Based on the previous geolocational 212, lexical 214, and protocol 216 analyses, the system 200 selects and constructs 220 an optimized URL for a connection attempt 222. Simplistically, URL formation consists of concatenating the various components, namely the protocol, the DNCS, and the TLD, into a proper format. If necessary, spaces and/or punctuation are also removed from the DNCS to form a valid URL. Other methods of URL formation/construction will be apparent to those skilled in the art.

Connection Attempts

Block diagram element 222 attempts a connection to the URL formed at 220. If the connection is successful 224, the process sequence finishes and a valid and accessible URL/URI is loaded in the browser display 104. If the connection attempt is not successful 226, there are two options. If possible, the system 200 may re-attempt 228 URL formation with an alternative TLD, an alternative protocol, and/or a modified DNCS (i.e. adding “www.” to the DNCS). If the system 200 has exhausted various combinations of URL formation without a successful connection, the final result is a failed connection 230.

A Simplified Example

FIG. 3 depicts a sample process summary 300 of an embodiment of the invention. At step 310 the system receives the Direct Navigation Character String “bandwidth” for analysis. At step 312 the geolocational analysis determines that the end-user is connecting from Europe. At step 314 the lexical analysis determines that the word “bandwidth” is a generic technical phrase with international applicability. At step 316 the results from the previous two steps are used to determine an appropriate TLD for URL formation. In this instance, the TLD “.eu” is selected as a better candidate than “.com” for this end-user located in Europe. Finally, at step 318 the final URL “http://bandwidth.eu” is constructed by piecing together (a) the selected protocol “http” (b) the DNCS “bandwidth” and (c) the selected top-level domain “.eu”.

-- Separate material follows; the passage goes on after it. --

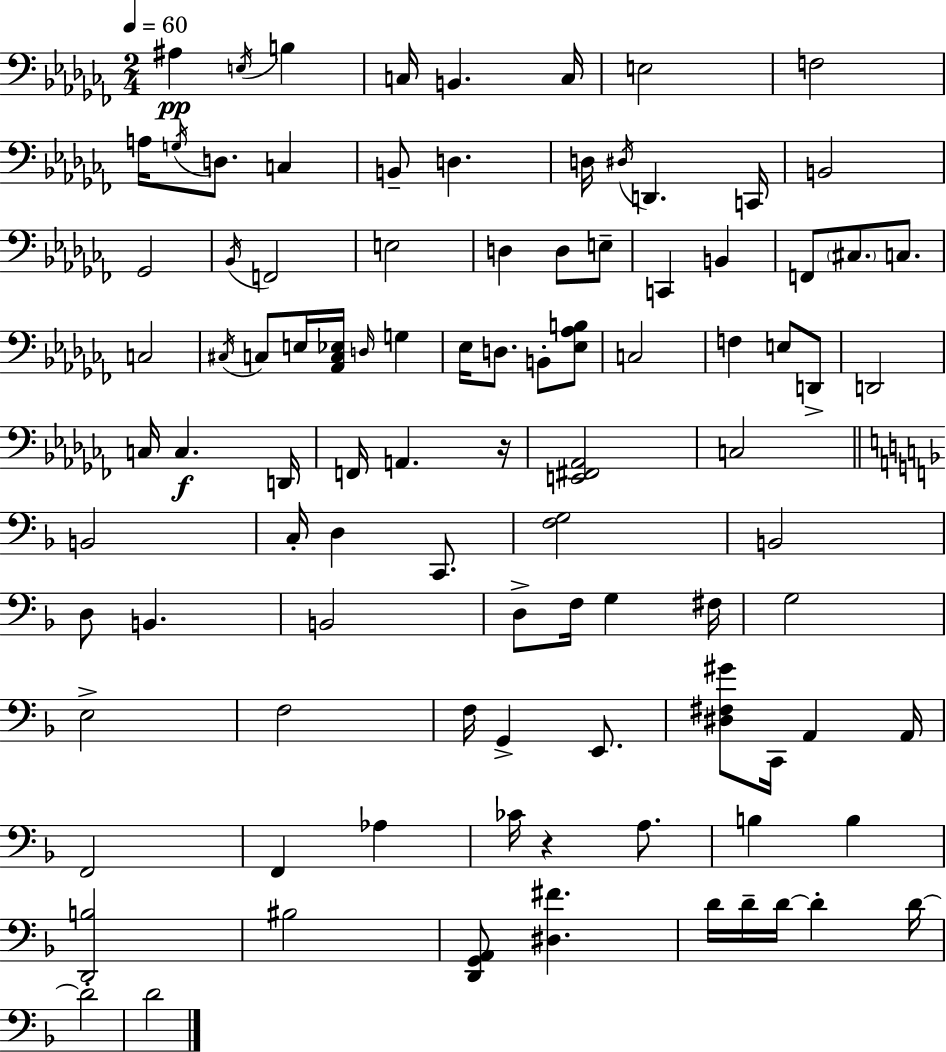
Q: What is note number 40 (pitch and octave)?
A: B2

As used herein, the terms “embodiment” and “example” mean an embodiment that serves to illustrate by way of example but not limitation.

It will be appreciated to those skilled in the art that the preceding examples and embodiments are exemplary and not limiting to the scope of the present invention. It is intended that all permutations, enhancements, equivalents, and improvements thereto that are apparent to those skilled in the art upon a reading of the specification and a study of the drawings are included within the true spirit and scope of the present invention. It is therefore intended that the following appended claims include all such modifications, permutations and equivalents as fall within the true spirit and scope of the present invention.